Download image from Url(s) in a Json File

I am new here and have problems to read all URL’s from a JSON file.
You can find my workflow here. Maybe there is someone who can help me?

I create a HTTP request to the JSON file. In another request I say that I want to get the “coverImgUrl” as a file, so I can read it as a URL and copy the file behind it to my FTP.

This works with the first object [0] in the JSON file. However, I have multiple objects with different “coverImgUrl”.

How do I get this workflow implemented so that also
https:{{$node[“HTTP Request”].json[“x”][“coverImgUrl”]}}
is executed?

X here stands for all other entries with a URL

Hi @gnrmarcel, welcome to the community!

Try enabling the Split Into Items option of the HTTP Request node. This would cause the result array to be parsed by n8n (meaning you get 141 individual items rather than 1 item with 141 properties like [0], [1], [2], etc.

On the second node you could then use an expression such as https:{{$json["coverImgUrl"]}} to download the file from coverImgUrl for every single incoming item:

As a workflow, this would look like so:

When running this, keep an eye on the memory consumption of your n8n instance - n8n would by default keep all items in memory during the workflow execution, so depending on how big the files are this might cause trouble.

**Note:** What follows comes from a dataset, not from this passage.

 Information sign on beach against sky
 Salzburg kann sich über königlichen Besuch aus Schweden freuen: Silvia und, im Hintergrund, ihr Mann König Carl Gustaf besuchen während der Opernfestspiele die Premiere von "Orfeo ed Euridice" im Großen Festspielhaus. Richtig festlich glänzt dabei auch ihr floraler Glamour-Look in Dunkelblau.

Hope this helps! Let me know if you have any further queries on this (or in case you need to optimize the memory usage) :slight_smile:

Thank you for your fast answer!

Thank you for the quick reply.
Yes, the workflow works now for all objects / URL’s.

But unfortunately the upload to FTP does not work now, because probably the amount of data is too big.

“Request failed with status code 413”

Is there possibly a way to reduce this amount of data or to limit the upload “cover” (URLs)? Then the upload takes longer but I would appreciate it if I could transfer all images via this workflow.

So the 413 error wouldn’t indicate a memory problem but is merely an indicator of an unexpectedly large dataset. So as a first step you might want to crank up the value of the N8N_PAYLOAD_SIZE_MAX environment variable big time.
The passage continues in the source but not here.